Collected data -
..........
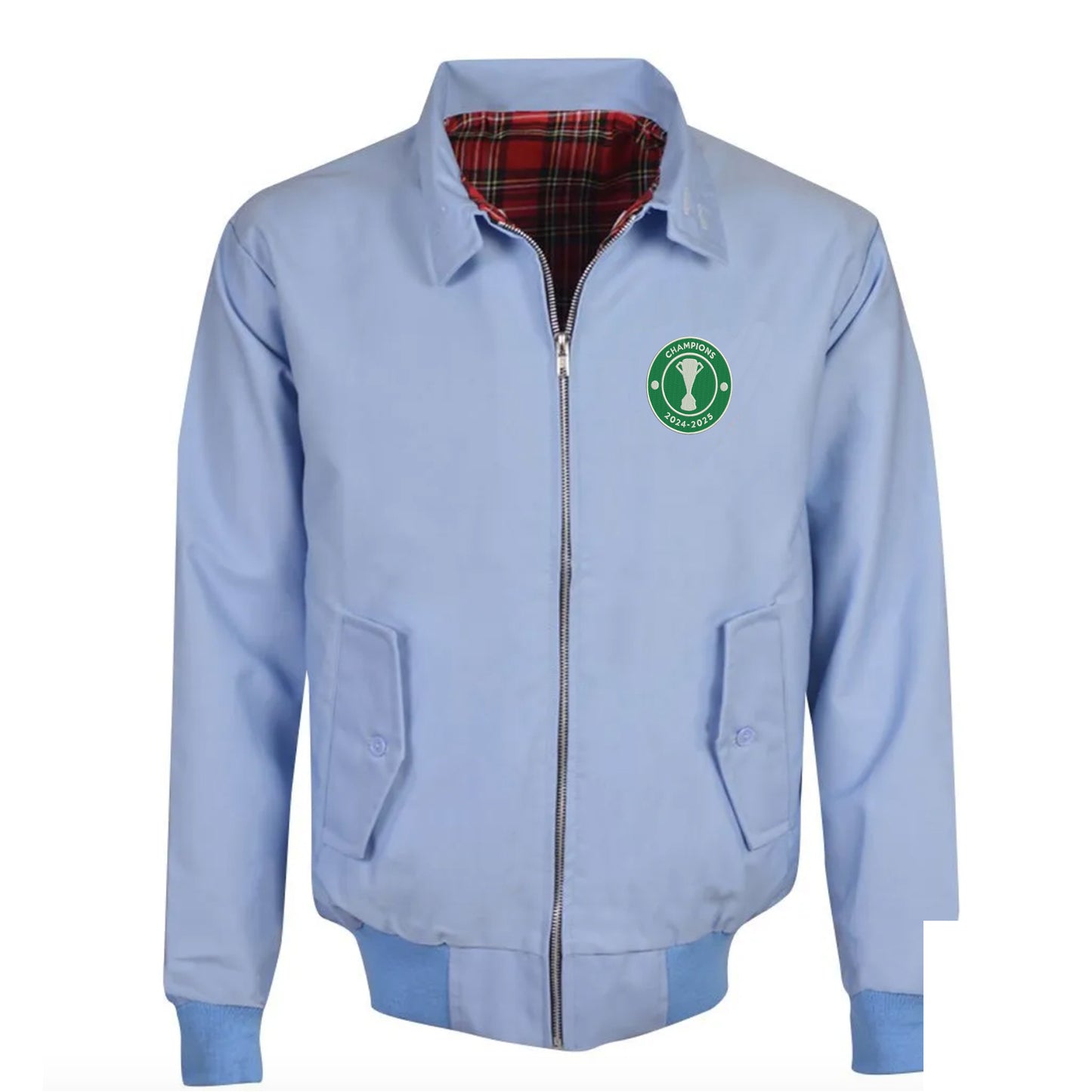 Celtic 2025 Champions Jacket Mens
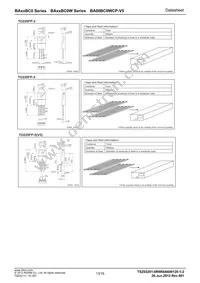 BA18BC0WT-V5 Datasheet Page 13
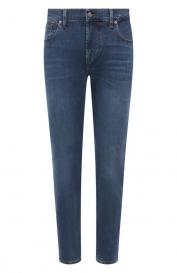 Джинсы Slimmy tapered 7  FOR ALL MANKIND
..........
What this task involves - Each line above is to be copied verbatim. Drop any image from the copy.

Exercise output -
 Celtic 2025 Champions Jacket Mens
 BA18BC0WT-V5 Datasheet Page 13
 Джинсы Slimmy tapered 7  FOR ALL MANKIND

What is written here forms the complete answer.